HUNTINGTON — For Marshall center Levi Brown and cornerback Chris Jackson, the 2016 season seems like an eternity ago.
Both were freshmen that season, taking part in their first year with the Thundering Herd. Suffice to say, it didn’t go according to plan.
Marshall entered the season with high hopes, but a myriad of issues led to a 3-9 campaign that left those within the program reeling.
That was a feeling that neither ever wanted to experience again.
“We weren’t necessarily on a downslide or anything, but that just happened to be a terrible year,” Brown said. “To come from a terrible season like that as freshmen and then have a huge year to end it, that’s something I’m hoping we’re able to put together. It would be awesome to take this thing from one of the worst seasons we’ve had here to one of the best with a conference championship.”
Brown said talent level was not the issue with that 2016 season. Instead, it was a strong reminder how important the values that head coach Doc Holliday instills really are to achieving success.
Brown pointed out things that Holliday has echoed since taking the job — complacency, togetherness, leadership — as many of the controllable issues that the Herd failed to take care of in that season, one that came to a thudding close in a 60-6 loss to rival Western Kentucky at Joan C. Edwards Stadium.

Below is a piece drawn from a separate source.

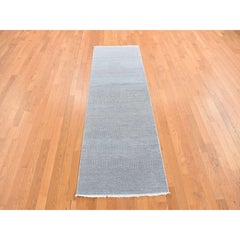 2'7"x8' Gray, Modern Grass Design, Wool and Silk, Hand Knotted, Runner Rug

Brown and Jackson were established as potential future leaders by taking the field as freshmen during that season. Those lumps taken are now lessons they are hoping to pass on to the younger players on the team.
Jackson expounded upon those lessons and how the mindset is different as each season has progressed.
“It starts before the season with thinking about that stuff,” Jackson said. “You can’t just turn it on once practice starts. Every time you come work out, you think, ‘Well, if you don’t do these reps, then the team that’s right on your heels can pass you by.’ That’s how we look at it with workouts, practice and every game.”
Jackson added that those one or two repetitions in the weight room represent plays in a game. Players don’t want to take plays off.
“Every game, there’s going to be one or two plays that determine the game,” Jackson said. “You have to make sure you are the one making that play before the other team.”
In addition to the mindset change, Brown added that the culture has changed. Players are closer and working together to ensure that trust level is there.
When trust level is not there among teammates, players tend to try to do too much themselves, which can lead to individualistic mentalities — a problem noted with the 2016 season.
“As a team, we’ve come together and started doing things extra that were more geared toward cohesion,” Brown said. “The strength guys cook for us, we all hang out together. Those things seem little, but they are really big.”
Holliday reiterated the importance for senior leadership following Friday’s practice. He added that he likes what he’s seen so far from that group of older players, which includes guys like Milan Lanier, Joey Maddox and Tyler Brown, who are all rising into bigger roles as they start their final seasons.
“You’ve heard me say many times, any time those seniors play their best and we can get every senior we have playing their best football, we have a chance to have a great year,” Holliday said. “That’s what we’re trying to get done here.”